[Data records]
----------

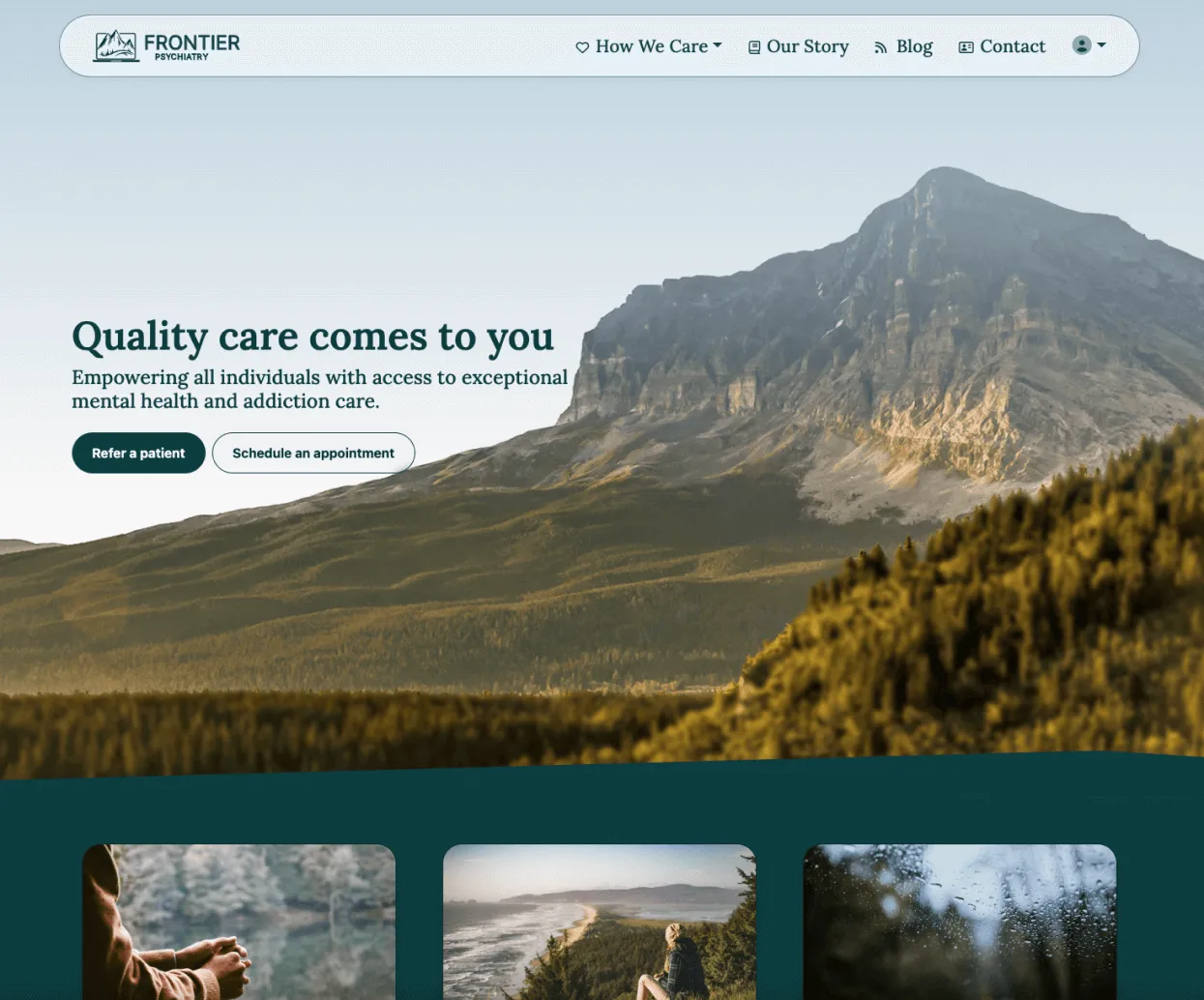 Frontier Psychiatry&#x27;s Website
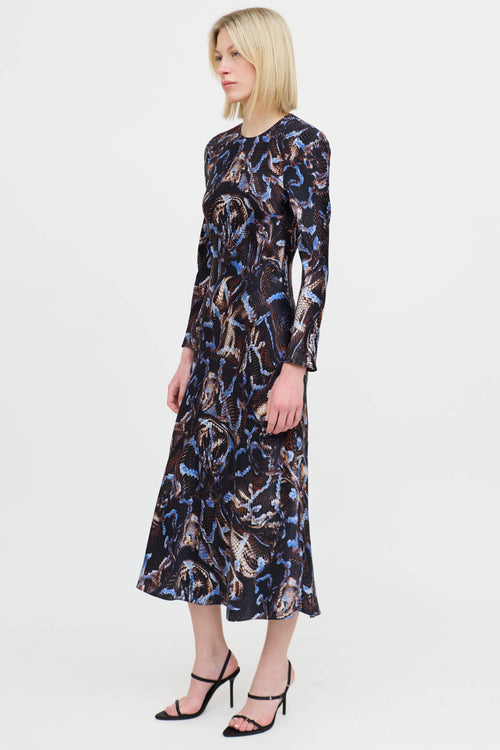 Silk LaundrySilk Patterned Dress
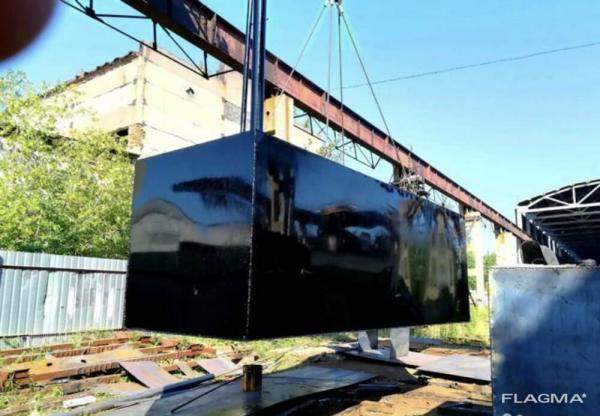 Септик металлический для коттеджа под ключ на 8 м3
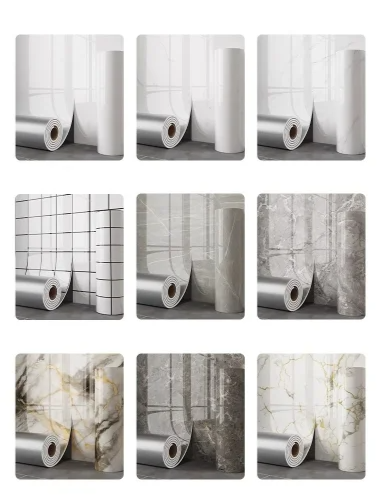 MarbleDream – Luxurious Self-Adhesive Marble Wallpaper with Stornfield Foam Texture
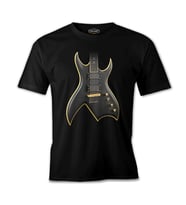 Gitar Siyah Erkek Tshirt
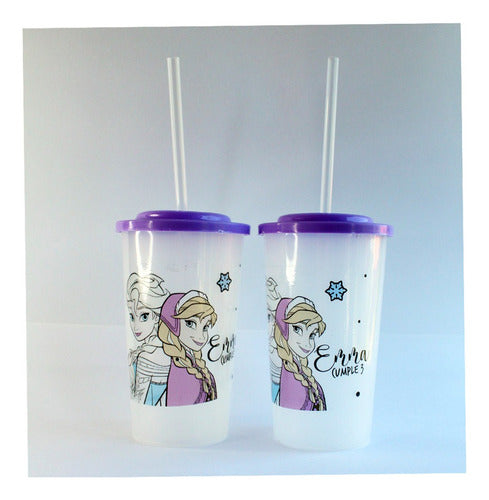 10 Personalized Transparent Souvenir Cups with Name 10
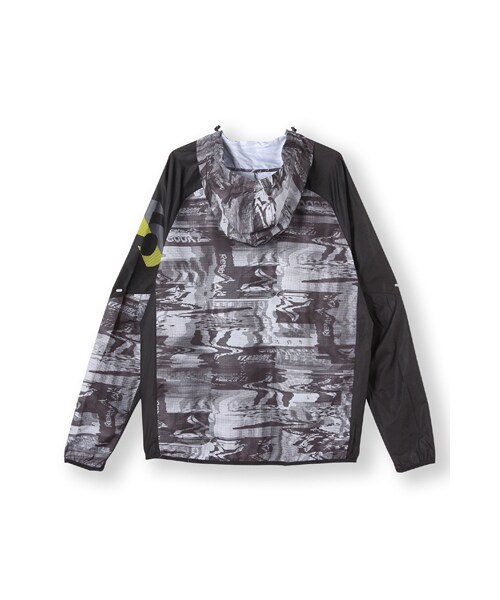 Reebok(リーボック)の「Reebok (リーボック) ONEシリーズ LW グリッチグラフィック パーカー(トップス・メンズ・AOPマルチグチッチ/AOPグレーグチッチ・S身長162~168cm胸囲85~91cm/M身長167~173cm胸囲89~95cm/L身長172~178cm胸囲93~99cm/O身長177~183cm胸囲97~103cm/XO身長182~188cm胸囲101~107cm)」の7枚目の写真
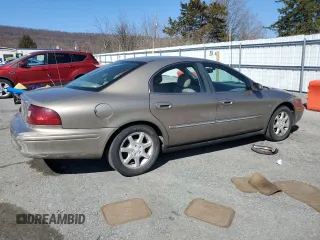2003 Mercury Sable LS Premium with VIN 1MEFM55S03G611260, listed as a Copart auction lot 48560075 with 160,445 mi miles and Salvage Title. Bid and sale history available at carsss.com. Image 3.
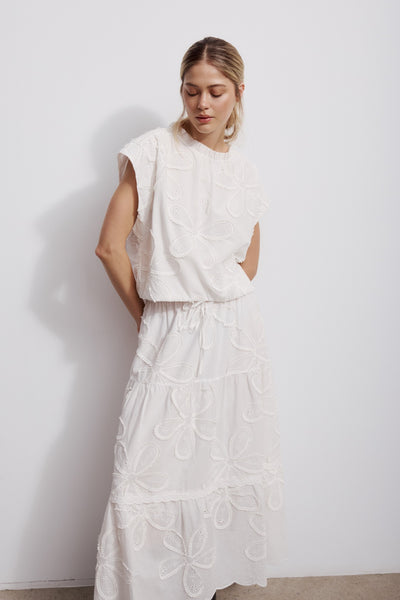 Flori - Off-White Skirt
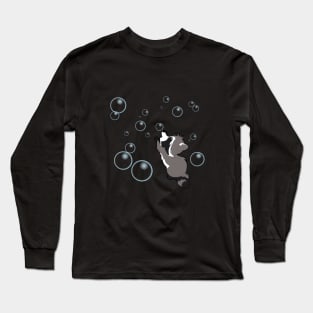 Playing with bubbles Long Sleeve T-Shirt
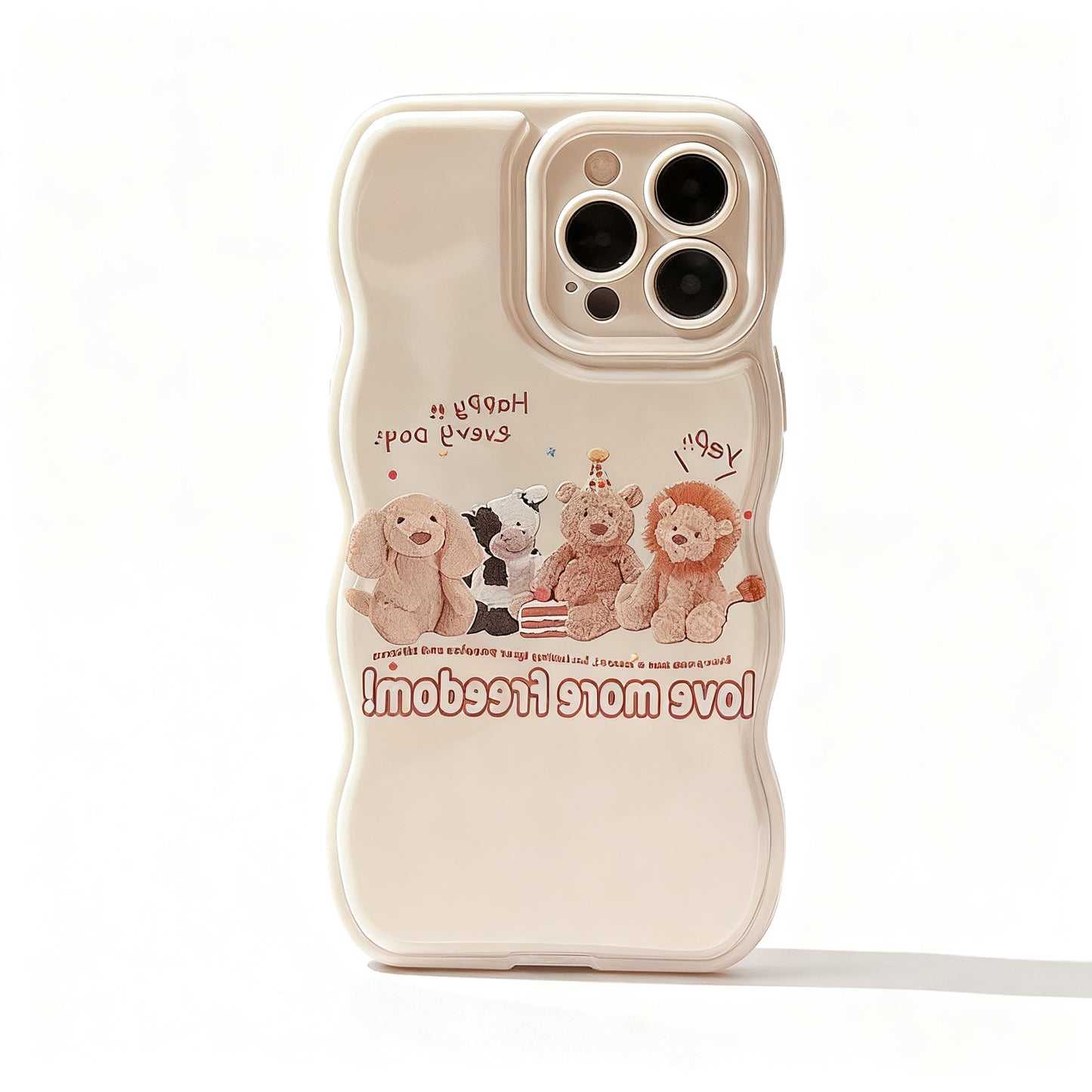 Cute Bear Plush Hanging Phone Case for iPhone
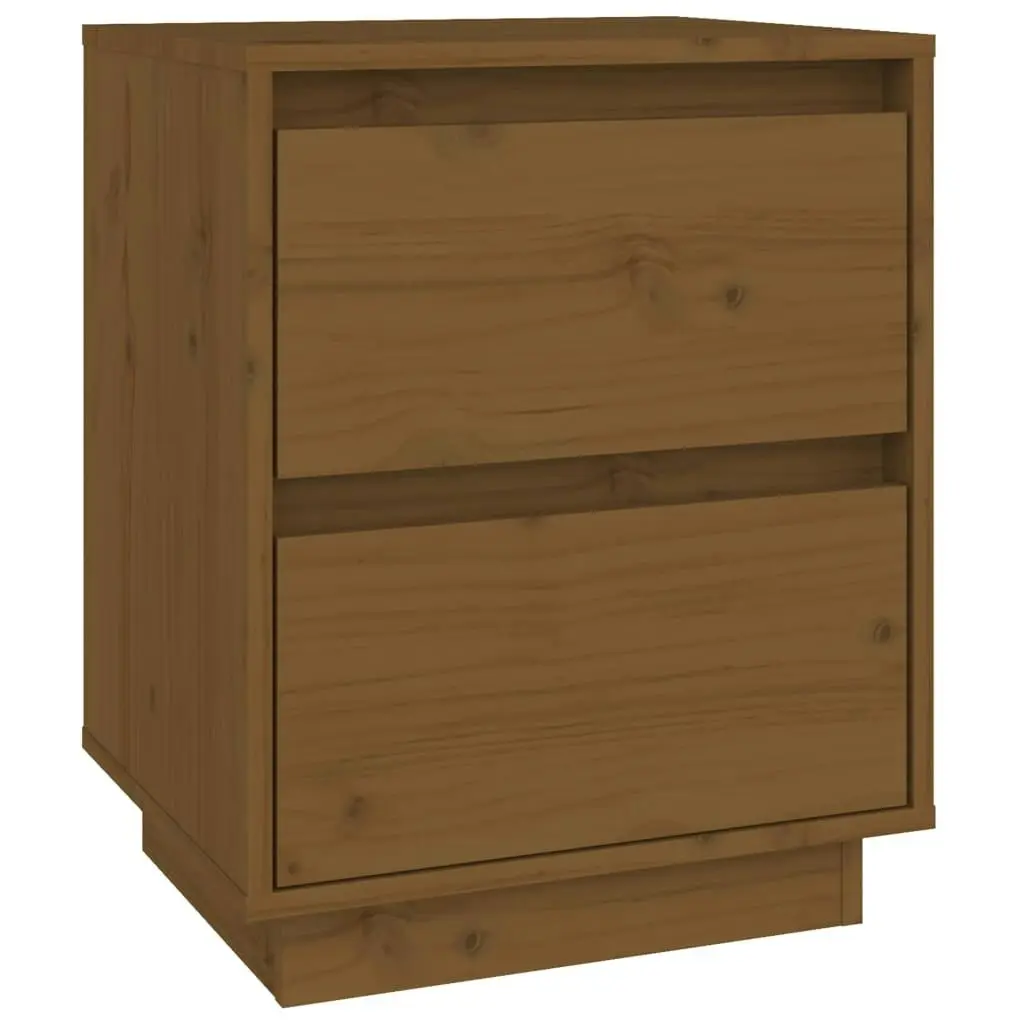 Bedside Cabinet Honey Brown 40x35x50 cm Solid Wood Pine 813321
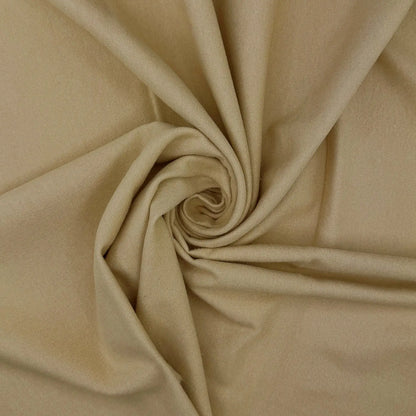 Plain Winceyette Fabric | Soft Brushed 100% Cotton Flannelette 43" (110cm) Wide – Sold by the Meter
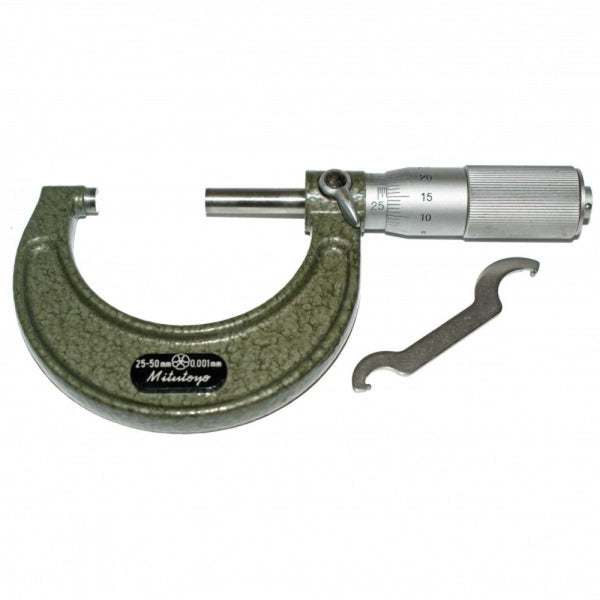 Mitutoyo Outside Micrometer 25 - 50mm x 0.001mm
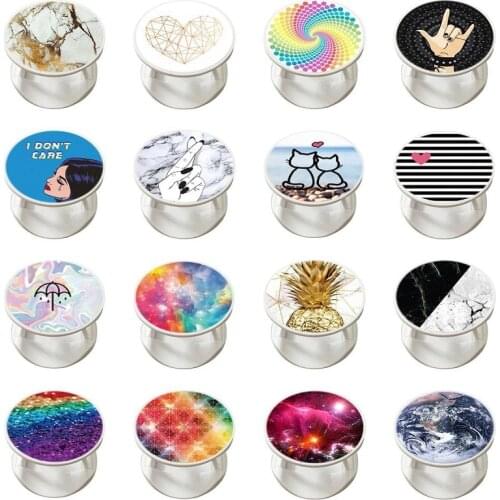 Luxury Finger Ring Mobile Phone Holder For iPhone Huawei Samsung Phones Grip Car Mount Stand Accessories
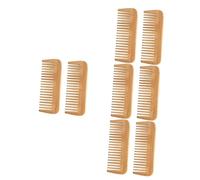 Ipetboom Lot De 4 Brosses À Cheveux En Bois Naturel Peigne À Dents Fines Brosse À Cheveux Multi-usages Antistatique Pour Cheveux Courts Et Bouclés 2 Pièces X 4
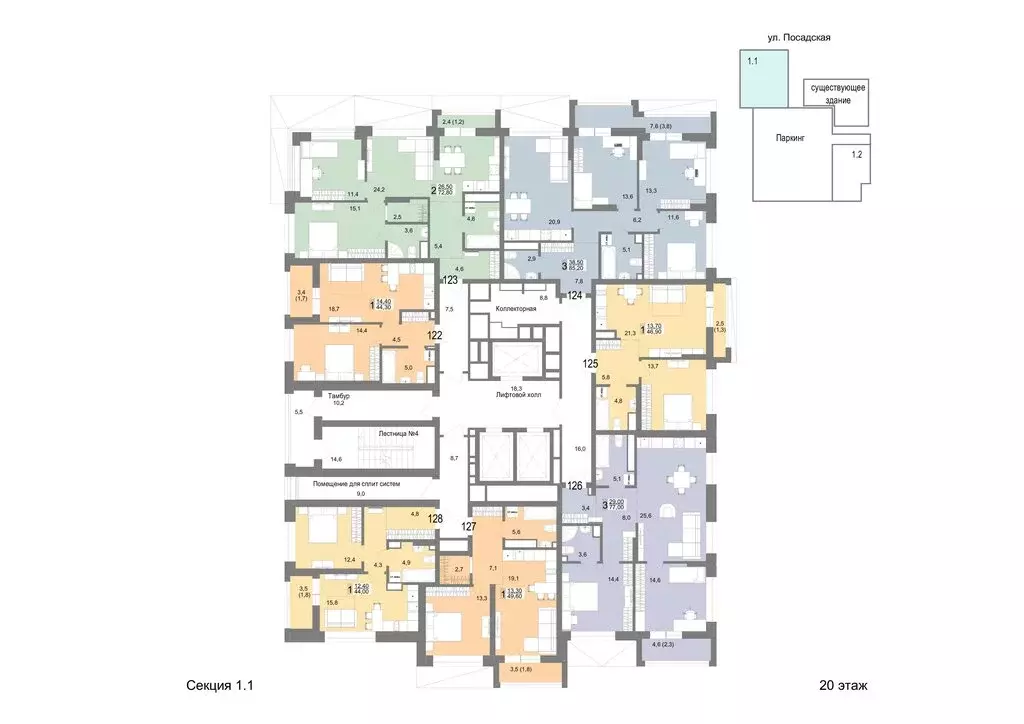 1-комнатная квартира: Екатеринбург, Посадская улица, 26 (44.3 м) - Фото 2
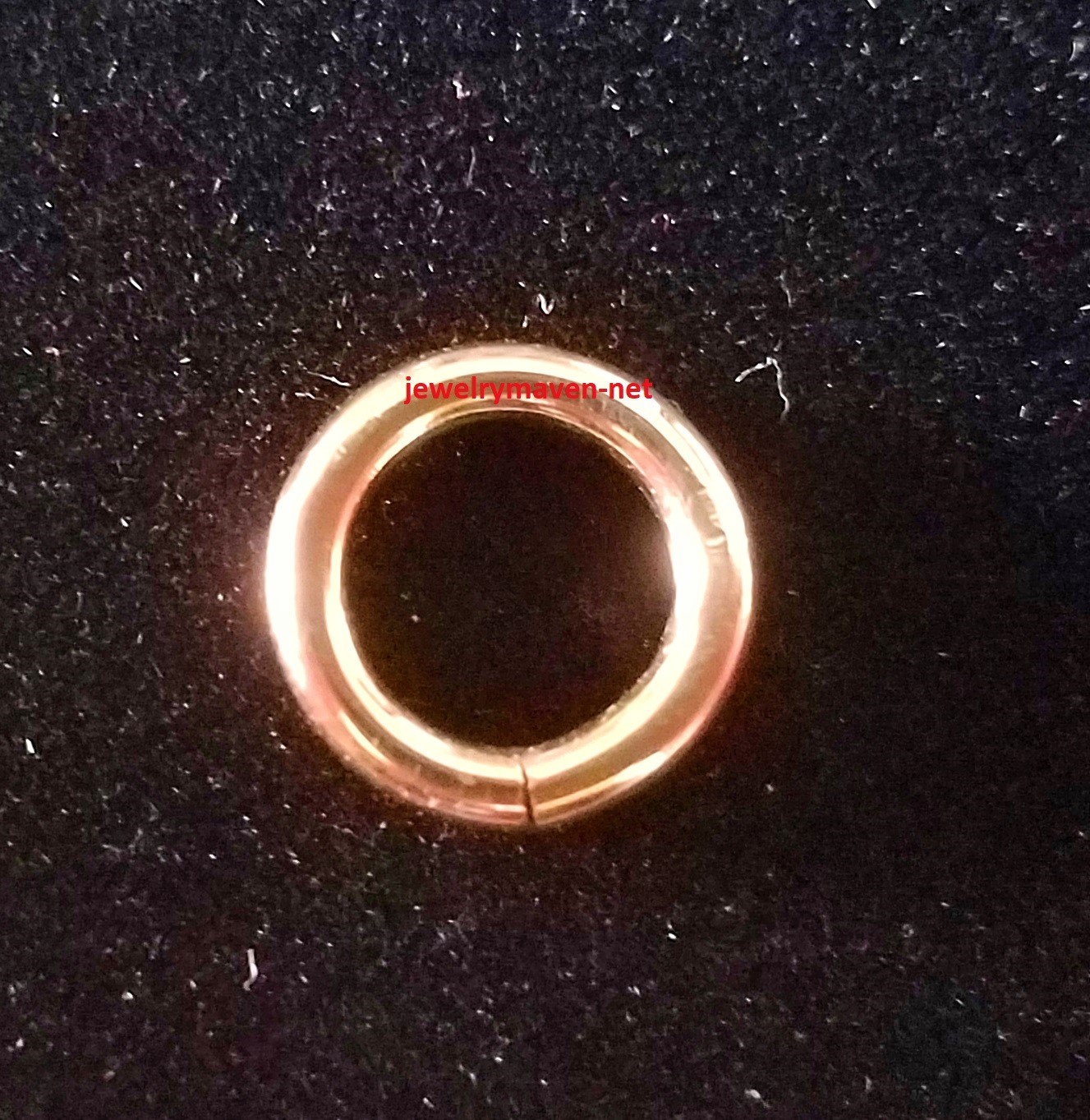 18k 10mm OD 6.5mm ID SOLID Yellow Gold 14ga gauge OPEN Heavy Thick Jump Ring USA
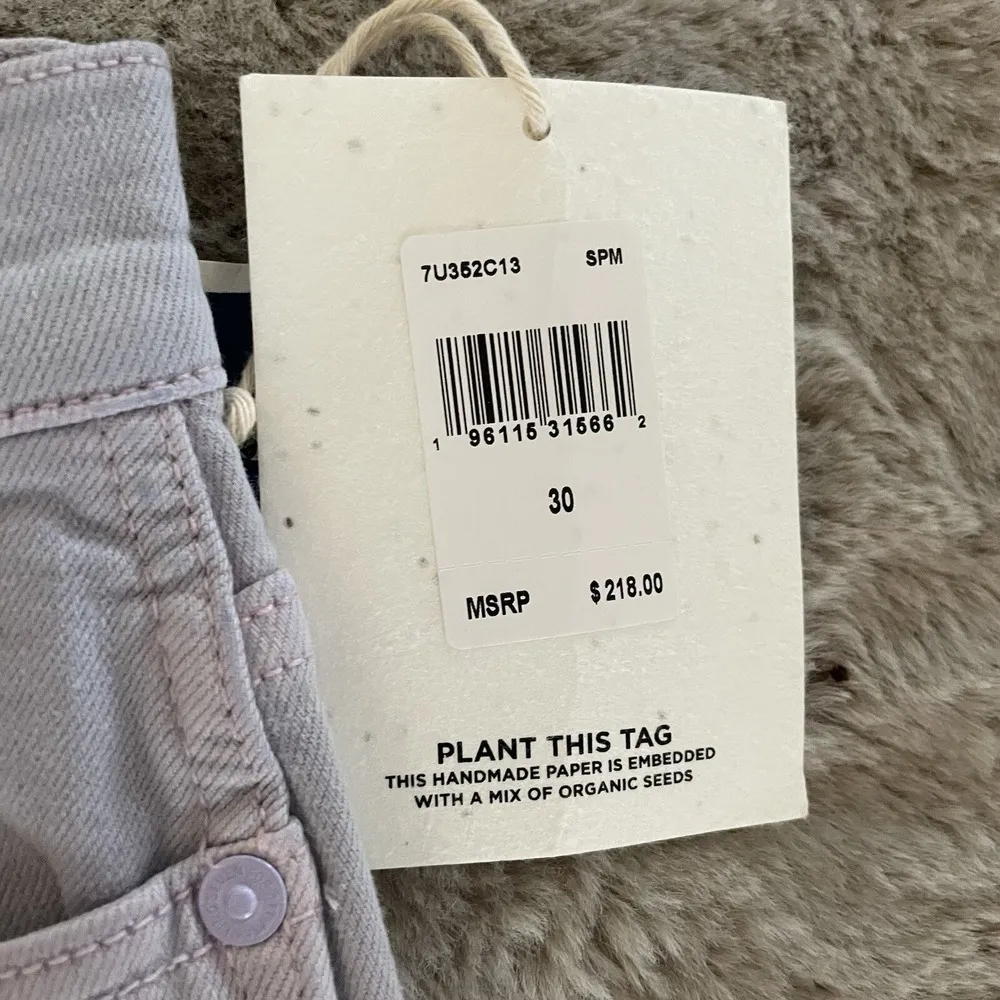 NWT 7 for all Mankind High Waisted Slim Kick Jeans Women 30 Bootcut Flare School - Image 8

----------

Work to be completed: Each line of the data above must be reproduced as written. Skip the pictures.

Exercise output:
 Frontier Psychiatry&#x27;s Website
 Silk LaundrySilk Patterned Dress
 Септик металлический для коттеджа под ключ на 8 м3
 MarbleDream – Luxurious Self-Adhesive Marble Wallpaper with Stornfield Foam Texture
 Gitar Siyah Erkek Tshirt
 10 Personalized Transparent Souvenir Cups with Name 10
 Reebok(リーボック)の「Reebok (リーボック) ONEシリーズ LW グリッチグラフィック パーカー(トップス・メンズ・AOPマルチグチッチ/AOPグレーグチッチ・S身長162~168cm胸囲85~91cm/M身長167~173cm胸囲89~95cm/L身長172~178cm胸囲93~99cm/O身長177~183cm胸囲97~103cm/XO身長182~188cm胸囲101~107cm)」の7枚目の写真
2003 Mercury Sable LS Premium with VIN 1MEFM55S03G611260, listed as a Copart auction lot 48560075 with 160,445 mi miles and Salvage Title. Bid and sale history available at carsss.com. Image 3.
 Flori - Off-White Skirt
 Playing with bubbles Long Sleeve T-Shirt
 Cute Bear Plush Hanging Phone Case for iPhone
 Bedside Cabinet Honey Brown 40x35x50 cm Solid Wood Pine 813321
 Plain Winceyette Fabric | Soft Brushed 100% Cotton Flannelette 43" (110cm) Wide – Sold by the Meter
 Mitutoyo Outside Micrometer 25 - 50mm x 0.001mm
 Luxury Finger Ring Mobile Phone Holder For iPhone Huawei Samsung Phones Grip Car Mount Stand Accessories
 Ipetboom Lot De 4 Brosses À Cheveux En Bois Naturel Peigne À Dents Fines Brosse À Cheveux Multi-usages Antistatique Pour Cheveux Courts Et Bouclés 2 Pièces X 4
 1-комнатная квартира: Екатеринбург, Посадская улица, 26 (44.3 м) - Фото 2
 18k 10mm OD 6.5mm ID SOLID Yellow Gold 14ga gauge OPEN Heavy Thick Jump Ring USA
 NWT 7 for all Mankind High Waisted Slim Kick Jeans Women 30 Bootcut Flare School - Image 8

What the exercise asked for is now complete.